When she was five, they told her it was like a circus and she believed them. Since then, a hospital bed felt more like a royal balcony from which to view the show.
You had your freaks: the nurses with too many breasts, women of plastic nails and plastic hair, plastic lips molded into a grin. Hardly any more inviting than a bearded lady. You had your doctors who managed to achieve the impossible: fortune tellers who told you your future in less than the fraction of a second. And everybody else seemed to dance and spin around you. The IV drip-drops did their little flip dance in a plastic bottle, a whole world in a grain of fluid. A veritable orchestra of beeps and honks synched itself up with the steady beat of her little excited heart, and she could see the conductor somewhere in a corner, flapping his hands like a crazy crow.
And when they told her she’d be coming back, each time to a new act, they made sure to hang different pictures on the wall and change up the colors. They would switch the positions of her bed and tubes and angle the chairs and table so the room was a jungle of edges they softened with toys and balloons. The thing about balloons was they always popped. She loved holding them between her fingers like a ring-master, and sticking a pin or a pencil through their smelly thin skull.
“Angela,” her mother’s voice broke her reverie, “we have something we should tell you.”
Angela realized she was surrounded by a little choir of mother, father, and doctor, a sort of trinity in these hospital shrines. The wardrobe of her mother’s dress certainly got duller throughout the years, and her father grew a gruff beard the way a popcorn seller might look. He had grown dim with a jolly belly; she had grown drab like a dusty amusement park.
“I’m a big girl now, guys. Almost eight. You could talk to me like a grown-up,” Angela interjected. But she pretty much stopped listening after her emphatic display of maturity; after that, there was no point. Instead, she noticed the way her mother’s small old hoop earrings swung like gymnast’s rings every time she shook and buried her head in her father’s shoulder. She thought that his heaving belly was like the big dome where the circus set up, a stuffed balloon in which you played and roamed. She figured there was probably a whole monkey performance going on in her dad’s stomach, so she tugged at her thin gown to see if her own belly was the same. A smaller circus, she thought. And the thick ropes tying it all in place were the wires and snakes coiling over her tummy to a spot in her chest.

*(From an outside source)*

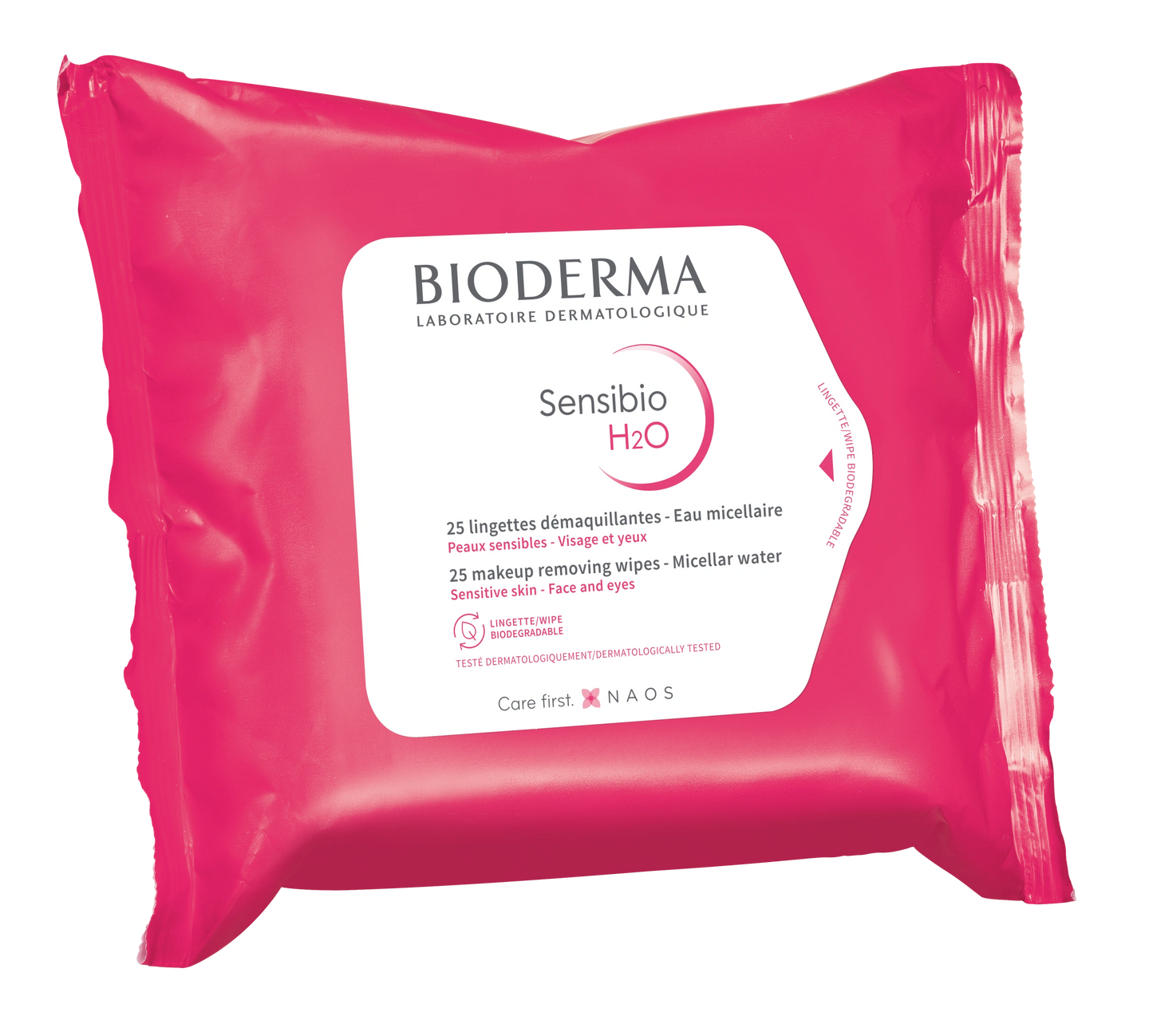 BIODERMA Sensibio H2O Wipes x 25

“Do you understand, Angel?” someone asked her. She looked up from her bare bones, wide-eyed.
“Uh-huh,” she said. And by the time their little performance was over, she was heavily into the scene on TV where the clowns grab somebody from the audience and take them down to the pit. If only she could be so lucky.
She felt like maybe this time was it, they let her stay with the toys and dolls, fancy grey machines like elephants that blew potions into your mouth and nose, painted faces with red eyes and noses that came to visit. Was she part of it now? Was she a performer?

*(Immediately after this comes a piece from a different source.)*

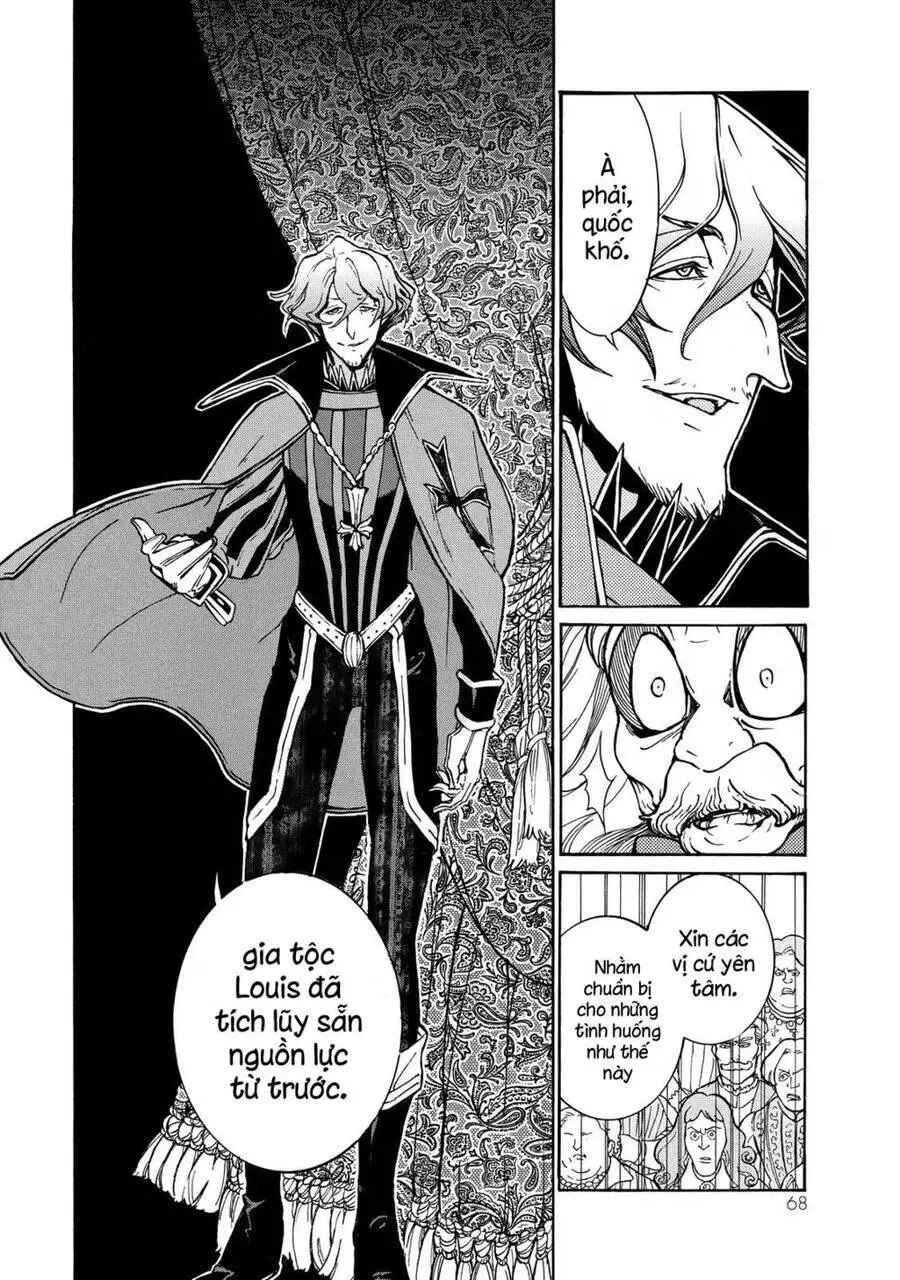 Shoukoku No Altair Nettruyen ZZZ Chương 78 Page 21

She knew her family was sad to see her go, but the circus folk are wanderers; they roam from town to village and show people tricks and sing them songs and give them strange, foreign things they’ve never seen before. The orchestra grew louder and louder every day. And how electrifying the lights were above her head! They made patterns down halls and up ceilings, they crawled along the walls announcing candy and soda for sale. They showed her where to bat her lashes when her head rolled to a side and her eyes swung back like the answer in a magic eightball.
This must be the trick where the drumroll shakes the ground and you wait, mouth gaping for the final act. The performers all rush onto the stage and erupt in a spasm of their specialties. Man with the hands that shoot electricity! Snake-charmer with his plastic pipe! Women in exotic masks playing darts with their eyes, shaking their hips, shaking her chest, shaking!
Great fireworks in shapes like stars and circles! Everyone was clapping and the drums were thunder and somewhere it started to rain in little taps on the tarp. The symphony got as loud as it’s ever been and the instruments throbbed together. The last big bang of the fireworks! The instruments boomed! The conductor stood frozen on his step in the corner of the room.
We are waiting for something. The final performance. Everybody’s hushed in anticipation. You could hear the seconds tick. And her heart did one last little leap that echoed in the giant dome. A round woman held the last note of her opera trill till the gloves came off.
They all packed up their trunks and trinkets in piles. The sleeping elephants followed behind their down-trodden masters, tugged along. Scraps of paper and plastic littered the ground like candy-apple confetti. At the end, you realize the space where the circus settles is just a wasteland. You leave behind your trash and move on.
There follows a procession of gods and monsters, pink-streaked faces in black, friends and family with ticket stubs in their hands, as if to say we have been there. We have seen the acts of the circus and the star of the show was Angela. And at night, you think you hear the caravan coming through, with the loud drunk laughter of girls and parrots and popped balloons. You hope at least they kept the room the same.